# what color am I in Laura Mercier's line?



## LC (Jan 19, 2011)

I'm an nc25 and I really want to try Laura Mercier's Tinted Moisturizer, which color would I get? And what would be about 2-3 shade darker (nc35) for summer?


----------



## couturesista (Jan 20, 2011)

I would suggest Sand or Bisque, If you like to have a little tan to your skin go with Bisque if not I think Sand would work. Nude may be too fair. LM TM are really good and they cover like a light foundation so a little will go along way. HTH


----------



## LC (Jan 20, 2011)

thanks it def does help


----------



## MzzRach (Jan 22, 2011)

Definitely try Sand.  The LM TM is fabulous!


----------



## Sojourner (Jan 24, 2011)

LC said:


> I'm an nc25 and I really want to try Laura Mercier's Tinted Moisturizer, which color would I get?

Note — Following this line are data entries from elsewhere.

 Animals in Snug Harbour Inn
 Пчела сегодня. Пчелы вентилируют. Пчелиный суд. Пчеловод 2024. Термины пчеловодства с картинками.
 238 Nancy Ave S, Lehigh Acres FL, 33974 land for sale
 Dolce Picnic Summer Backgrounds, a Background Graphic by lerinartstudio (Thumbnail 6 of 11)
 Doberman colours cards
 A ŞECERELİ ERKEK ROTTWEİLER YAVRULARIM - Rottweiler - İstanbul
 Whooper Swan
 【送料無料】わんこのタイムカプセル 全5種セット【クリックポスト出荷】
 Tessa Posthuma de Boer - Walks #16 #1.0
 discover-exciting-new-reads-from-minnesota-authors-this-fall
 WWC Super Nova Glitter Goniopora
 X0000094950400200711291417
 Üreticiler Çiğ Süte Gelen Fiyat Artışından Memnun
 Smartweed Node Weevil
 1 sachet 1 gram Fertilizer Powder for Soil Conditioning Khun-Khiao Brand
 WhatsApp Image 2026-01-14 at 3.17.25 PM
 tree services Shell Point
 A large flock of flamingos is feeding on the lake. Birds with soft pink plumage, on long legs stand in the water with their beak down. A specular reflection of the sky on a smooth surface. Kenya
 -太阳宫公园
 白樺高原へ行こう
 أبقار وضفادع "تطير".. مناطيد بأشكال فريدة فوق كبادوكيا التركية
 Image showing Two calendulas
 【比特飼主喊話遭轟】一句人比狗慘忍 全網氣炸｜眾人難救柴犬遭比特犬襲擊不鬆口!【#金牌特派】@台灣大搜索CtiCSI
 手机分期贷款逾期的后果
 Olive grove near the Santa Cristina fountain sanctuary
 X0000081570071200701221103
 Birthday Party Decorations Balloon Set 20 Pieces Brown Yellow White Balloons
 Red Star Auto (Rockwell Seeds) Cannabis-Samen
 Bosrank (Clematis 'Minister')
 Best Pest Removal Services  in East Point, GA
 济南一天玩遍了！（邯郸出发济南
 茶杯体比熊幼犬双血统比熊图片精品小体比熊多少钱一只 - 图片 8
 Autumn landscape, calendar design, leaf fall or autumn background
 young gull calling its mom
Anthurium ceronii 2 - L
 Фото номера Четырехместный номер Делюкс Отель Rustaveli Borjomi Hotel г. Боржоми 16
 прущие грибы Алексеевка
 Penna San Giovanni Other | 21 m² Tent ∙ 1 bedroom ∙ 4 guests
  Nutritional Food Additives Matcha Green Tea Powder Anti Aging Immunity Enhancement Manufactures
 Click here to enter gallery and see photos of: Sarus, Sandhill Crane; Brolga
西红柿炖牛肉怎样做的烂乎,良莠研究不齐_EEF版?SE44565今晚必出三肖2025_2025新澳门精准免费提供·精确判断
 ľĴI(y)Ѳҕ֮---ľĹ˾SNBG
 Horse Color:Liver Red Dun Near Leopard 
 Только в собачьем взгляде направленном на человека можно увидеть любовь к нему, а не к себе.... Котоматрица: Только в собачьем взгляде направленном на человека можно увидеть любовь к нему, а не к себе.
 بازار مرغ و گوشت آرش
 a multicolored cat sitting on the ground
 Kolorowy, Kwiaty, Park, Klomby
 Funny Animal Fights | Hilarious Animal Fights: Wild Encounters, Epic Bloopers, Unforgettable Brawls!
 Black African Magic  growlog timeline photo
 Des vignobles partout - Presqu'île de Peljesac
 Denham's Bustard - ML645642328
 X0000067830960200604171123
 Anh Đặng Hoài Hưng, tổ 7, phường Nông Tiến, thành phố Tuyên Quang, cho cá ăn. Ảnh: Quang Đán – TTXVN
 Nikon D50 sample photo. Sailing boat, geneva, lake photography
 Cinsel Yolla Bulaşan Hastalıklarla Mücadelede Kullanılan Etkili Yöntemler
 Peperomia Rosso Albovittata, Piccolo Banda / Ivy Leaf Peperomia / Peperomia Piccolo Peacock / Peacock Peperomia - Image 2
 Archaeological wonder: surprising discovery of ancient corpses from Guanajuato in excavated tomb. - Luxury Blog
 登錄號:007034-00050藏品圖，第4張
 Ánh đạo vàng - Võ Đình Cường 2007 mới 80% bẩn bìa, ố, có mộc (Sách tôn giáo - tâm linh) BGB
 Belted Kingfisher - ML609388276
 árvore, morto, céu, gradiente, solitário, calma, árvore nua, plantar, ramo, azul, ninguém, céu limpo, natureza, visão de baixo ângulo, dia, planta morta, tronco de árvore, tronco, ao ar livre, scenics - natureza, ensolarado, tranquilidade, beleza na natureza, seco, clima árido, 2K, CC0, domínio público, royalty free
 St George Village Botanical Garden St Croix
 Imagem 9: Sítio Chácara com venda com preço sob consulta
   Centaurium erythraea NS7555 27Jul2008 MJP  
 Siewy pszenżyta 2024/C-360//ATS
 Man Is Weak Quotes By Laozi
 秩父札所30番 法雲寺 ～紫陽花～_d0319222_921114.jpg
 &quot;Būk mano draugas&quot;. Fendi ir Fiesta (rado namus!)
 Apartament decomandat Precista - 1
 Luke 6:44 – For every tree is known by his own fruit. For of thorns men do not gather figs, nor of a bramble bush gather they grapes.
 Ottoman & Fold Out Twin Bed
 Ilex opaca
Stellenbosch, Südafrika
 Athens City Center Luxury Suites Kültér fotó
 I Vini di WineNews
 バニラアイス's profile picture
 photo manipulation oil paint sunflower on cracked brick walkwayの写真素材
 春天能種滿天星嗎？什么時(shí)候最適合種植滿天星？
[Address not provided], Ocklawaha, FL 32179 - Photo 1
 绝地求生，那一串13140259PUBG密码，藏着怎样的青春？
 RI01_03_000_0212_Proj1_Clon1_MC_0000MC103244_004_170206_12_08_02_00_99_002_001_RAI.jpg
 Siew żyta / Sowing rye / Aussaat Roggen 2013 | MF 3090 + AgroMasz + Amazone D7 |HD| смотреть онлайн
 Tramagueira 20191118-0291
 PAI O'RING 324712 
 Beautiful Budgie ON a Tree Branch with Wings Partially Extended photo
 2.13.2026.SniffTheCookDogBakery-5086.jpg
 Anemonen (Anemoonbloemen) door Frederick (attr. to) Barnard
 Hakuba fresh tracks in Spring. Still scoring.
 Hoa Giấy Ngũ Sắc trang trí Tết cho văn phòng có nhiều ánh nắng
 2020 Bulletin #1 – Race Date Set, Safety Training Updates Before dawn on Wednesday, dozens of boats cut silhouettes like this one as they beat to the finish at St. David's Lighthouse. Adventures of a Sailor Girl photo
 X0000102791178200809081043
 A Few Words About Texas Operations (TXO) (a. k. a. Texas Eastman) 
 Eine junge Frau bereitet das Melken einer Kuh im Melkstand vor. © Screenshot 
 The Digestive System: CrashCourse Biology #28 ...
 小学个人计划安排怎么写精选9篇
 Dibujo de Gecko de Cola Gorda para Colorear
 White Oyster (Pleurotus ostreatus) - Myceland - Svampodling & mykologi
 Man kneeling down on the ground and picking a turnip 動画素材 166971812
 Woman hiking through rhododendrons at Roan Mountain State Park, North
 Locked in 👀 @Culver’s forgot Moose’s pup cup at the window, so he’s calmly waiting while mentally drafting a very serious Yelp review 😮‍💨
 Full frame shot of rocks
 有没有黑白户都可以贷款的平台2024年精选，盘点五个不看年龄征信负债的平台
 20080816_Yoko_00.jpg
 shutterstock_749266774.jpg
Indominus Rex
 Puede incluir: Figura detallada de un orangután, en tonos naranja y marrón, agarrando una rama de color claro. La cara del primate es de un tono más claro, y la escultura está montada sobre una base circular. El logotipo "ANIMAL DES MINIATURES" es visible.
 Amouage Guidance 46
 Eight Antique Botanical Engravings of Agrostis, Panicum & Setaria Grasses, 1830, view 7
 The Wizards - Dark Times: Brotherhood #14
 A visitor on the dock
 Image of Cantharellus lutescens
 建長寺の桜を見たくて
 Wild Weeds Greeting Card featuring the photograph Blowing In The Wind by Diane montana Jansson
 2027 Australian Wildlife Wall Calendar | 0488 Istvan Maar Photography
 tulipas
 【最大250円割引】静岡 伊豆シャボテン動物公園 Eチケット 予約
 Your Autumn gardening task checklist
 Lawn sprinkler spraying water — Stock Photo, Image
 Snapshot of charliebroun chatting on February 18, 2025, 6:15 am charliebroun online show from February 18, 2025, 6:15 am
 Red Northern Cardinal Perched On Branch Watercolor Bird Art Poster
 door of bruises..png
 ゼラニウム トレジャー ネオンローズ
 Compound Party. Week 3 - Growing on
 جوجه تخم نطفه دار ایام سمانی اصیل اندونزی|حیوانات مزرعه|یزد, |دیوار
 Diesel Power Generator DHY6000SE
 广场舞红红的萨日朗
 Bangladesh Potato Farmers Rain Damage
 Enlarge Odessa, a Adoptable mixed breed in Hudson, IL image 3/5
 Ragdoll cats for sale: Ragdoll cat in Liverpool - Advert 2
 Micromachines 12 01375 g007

And what would be about 2-3 shade darker (nc35) for summer?


 
  ..


----------



## MAC'sMyBF (Mar 1, 2011)

Lauren,
  	We have similar coloring and I use Nude, it initially looks a tad light but quickly oxidizes just a bit darker and becomes the perfect fit!


----------



## LC (Mar 8, 2011)

MAC'sMyBF said:


> Lauren,
> We have similar coloring and I use Nude, it initially looks a tad light but quickly oxidizes just a bit darker and becomes the perfect fit!



 	thx chica, i'm gonna go with that


----------